Segment Start: Records shown
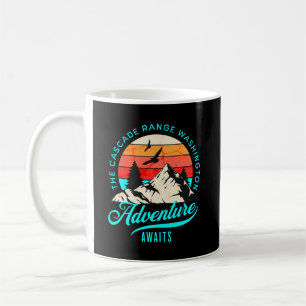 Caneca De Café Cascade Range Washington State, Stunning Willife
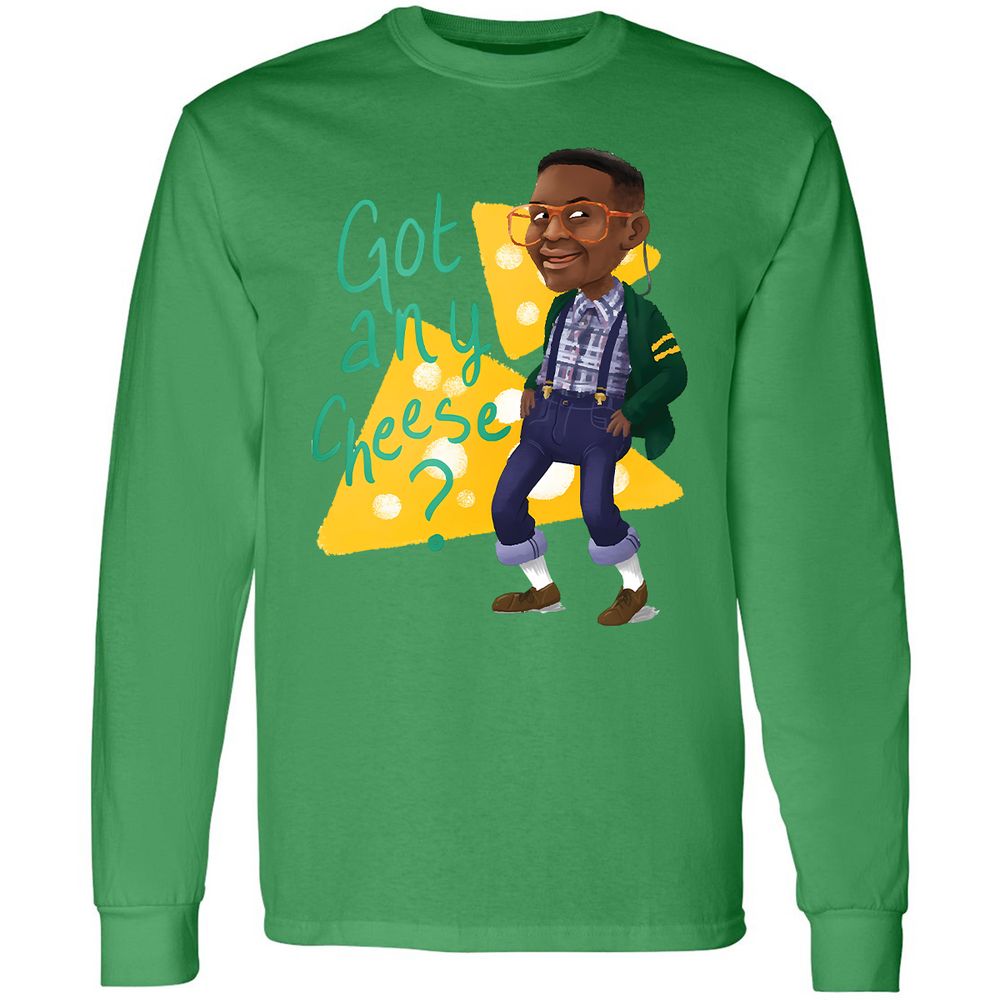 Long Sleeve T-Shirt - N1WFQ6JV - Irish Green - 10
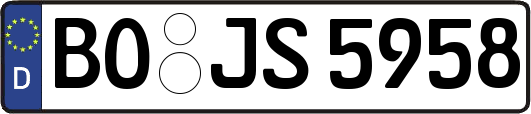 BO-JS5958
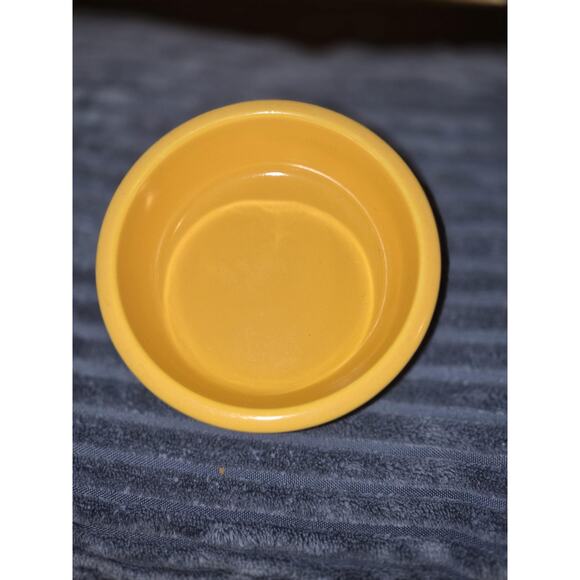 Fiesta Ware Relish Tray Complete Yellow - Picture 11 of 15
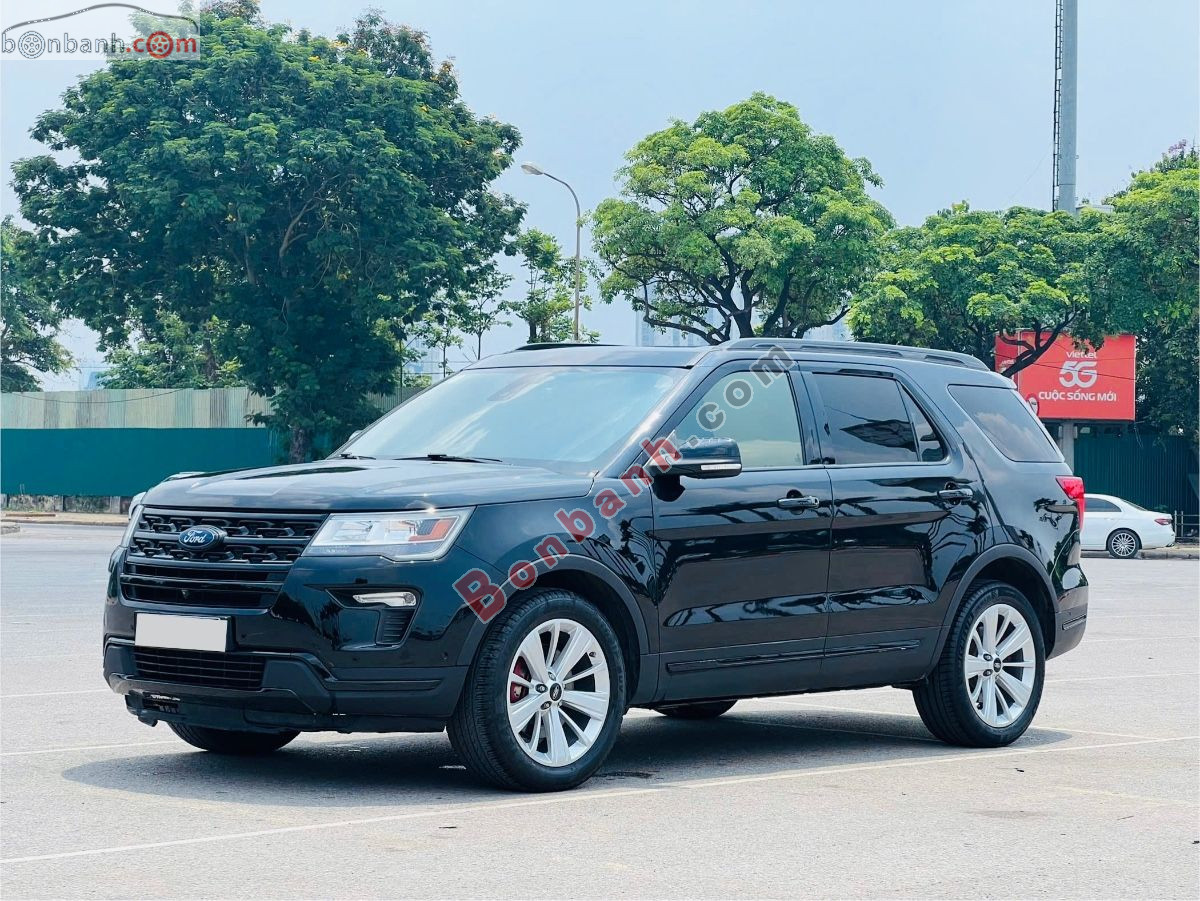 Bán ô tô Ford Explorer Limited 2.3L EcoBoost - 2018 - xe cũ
Segment End: Records shown
Segment Start: Records shown
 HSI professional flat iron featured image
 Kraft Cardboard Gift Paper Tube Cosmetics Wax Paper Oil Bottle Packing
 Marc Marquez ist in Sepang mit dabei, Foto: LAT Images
Segment End: Records shown
Segment Start: Records shown
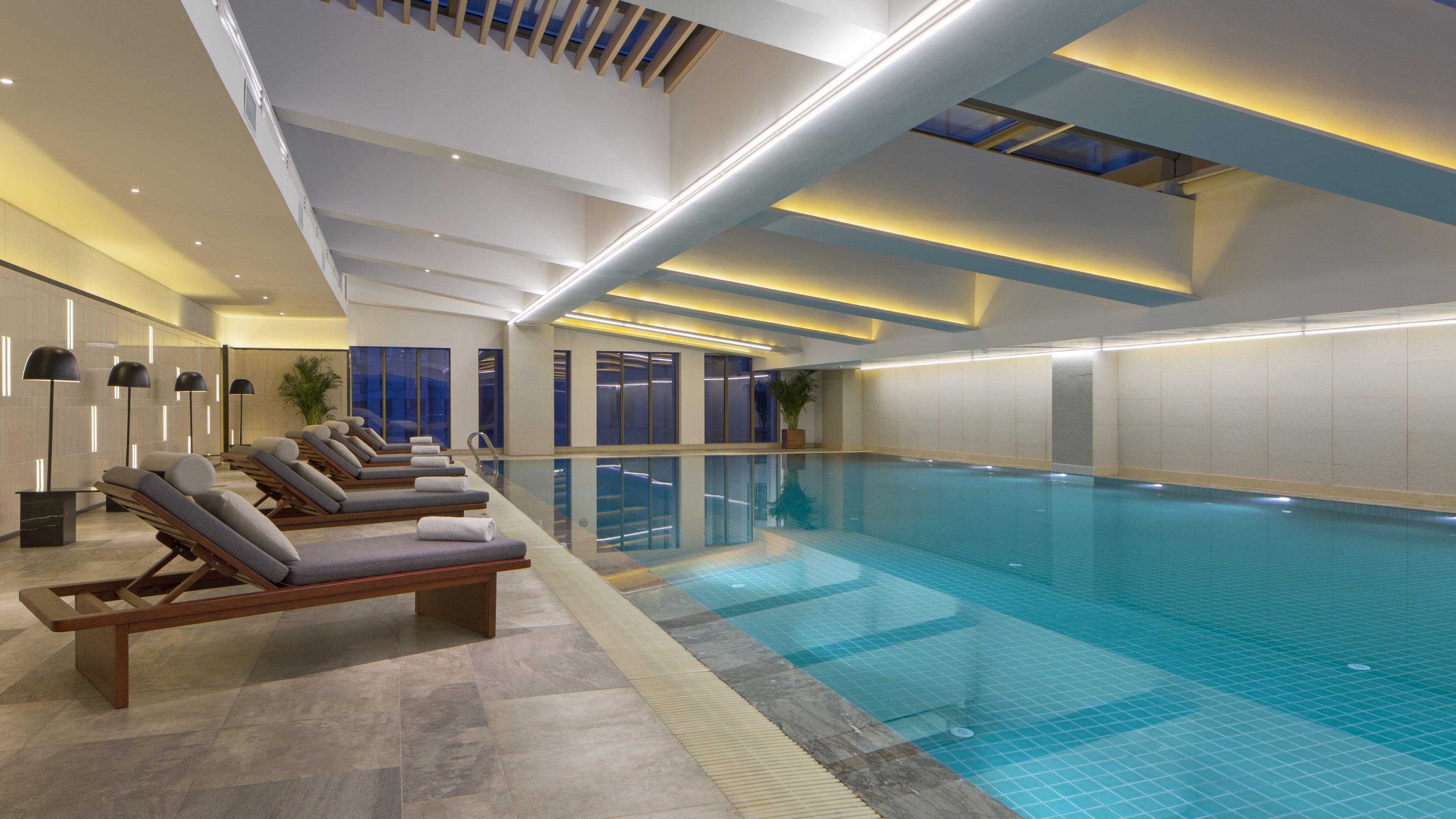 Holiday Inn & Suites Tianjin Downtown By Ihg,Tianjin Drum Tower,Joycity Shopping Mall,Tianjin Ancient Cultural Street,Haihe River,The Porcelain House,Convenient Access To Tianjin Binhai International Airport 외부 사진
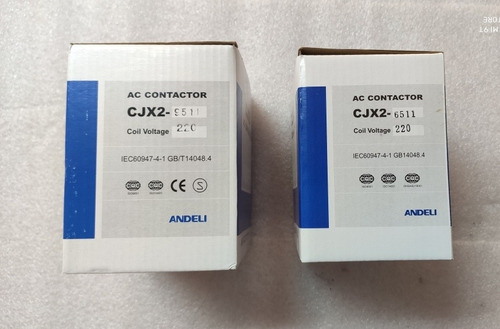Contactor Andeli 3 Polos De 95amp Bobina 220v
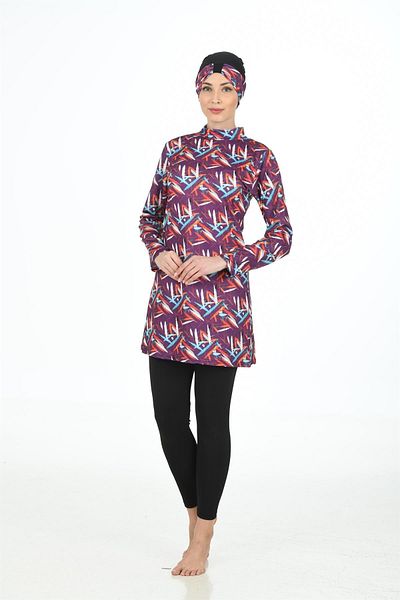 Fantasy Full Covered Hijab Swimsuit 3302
Segment End: Records shown
What the task requires: In the data above, find the line containing "Caneca De Café" and the line containing "Bán ô tô Ford". Repeat those two lines and everything between them exactly, minus the pictures.

Exercise result:
 Caneca De Café Cascade Range Washington State, Stunning Willife
 Long Sleeve T-Shirt - N1WFQ6JV - Irish Green - 10
 BO-JS5958
 Fiesta Ware Relish Tray Complete Yellow - Picture 11 of 15
 Bán ô tô Ford Explorer Limited 2.3L EcoBoost - 2018 - xe cũ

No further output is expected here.